──────── RECORDS TO USE

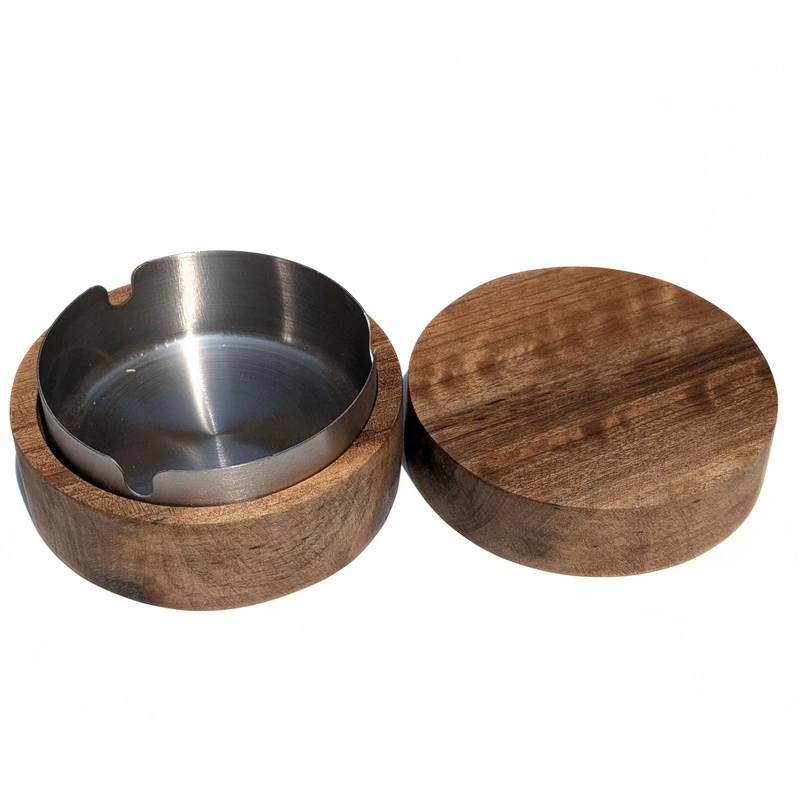 عکس شماره 5 : زیرسیگاری مدل کلاسیک چوبی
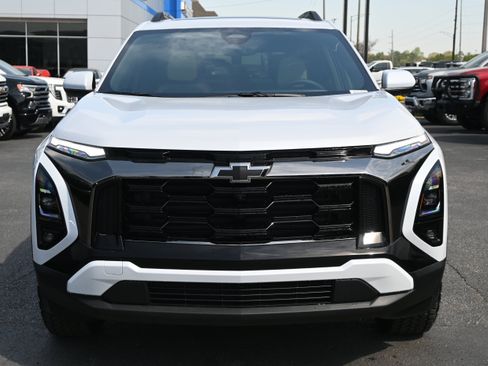 New 2026 Chevrolet Equinox ACTIV w/ Convenience Package III AWD/4WD image 3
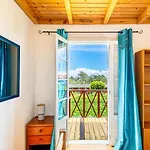 Moniz Ocean Escape By Drm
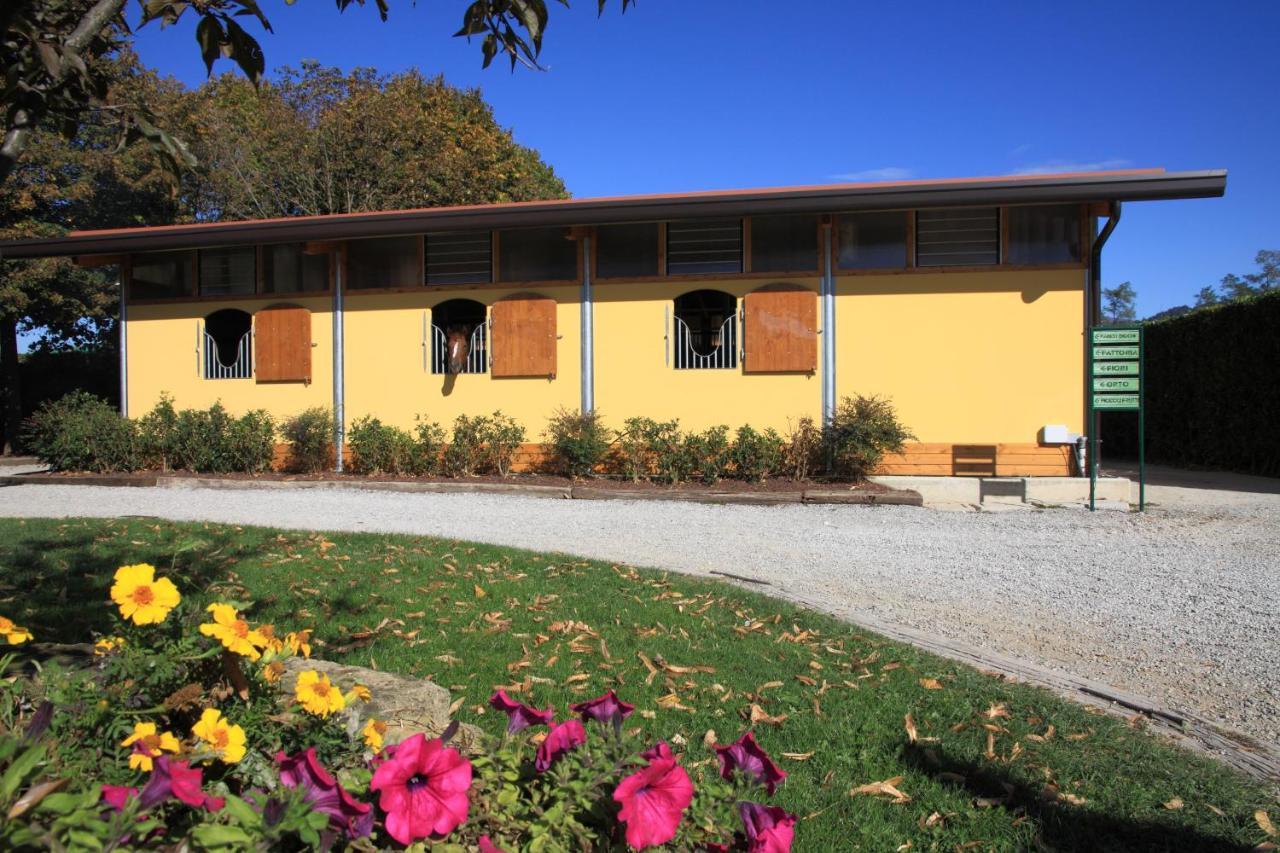 Agriturismo Monsereno Horses Imbersago Exterior foto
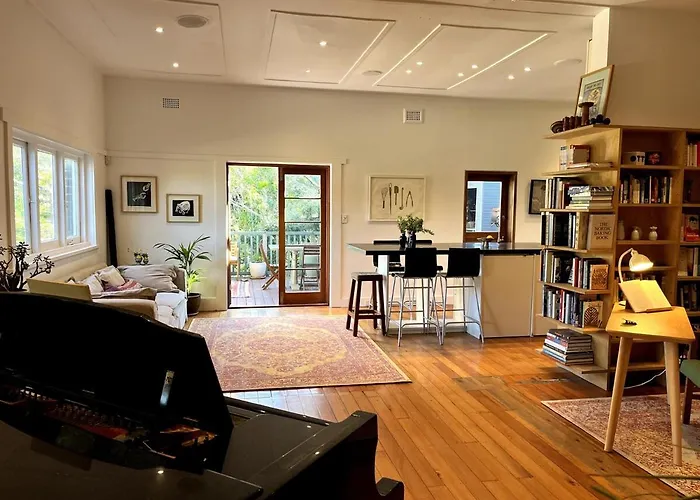 Spacious Beachside Apartment Sydney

────────────────

Would you please retype all the data exactly? Leave out whatever pictures it holds.

 عکس شماره 5 : زیرسیگاری مدل کلاسیک چوبی
 New 2026 Chevrolet Equinox ACTIV w/ Convenience Package III AWD/4WD image 3
 Moniz Ocean Escape By Drm
 Agriturismo Monsereno Horses Imbersago Exterior foto
 Spacious Beachside Apartment Sydney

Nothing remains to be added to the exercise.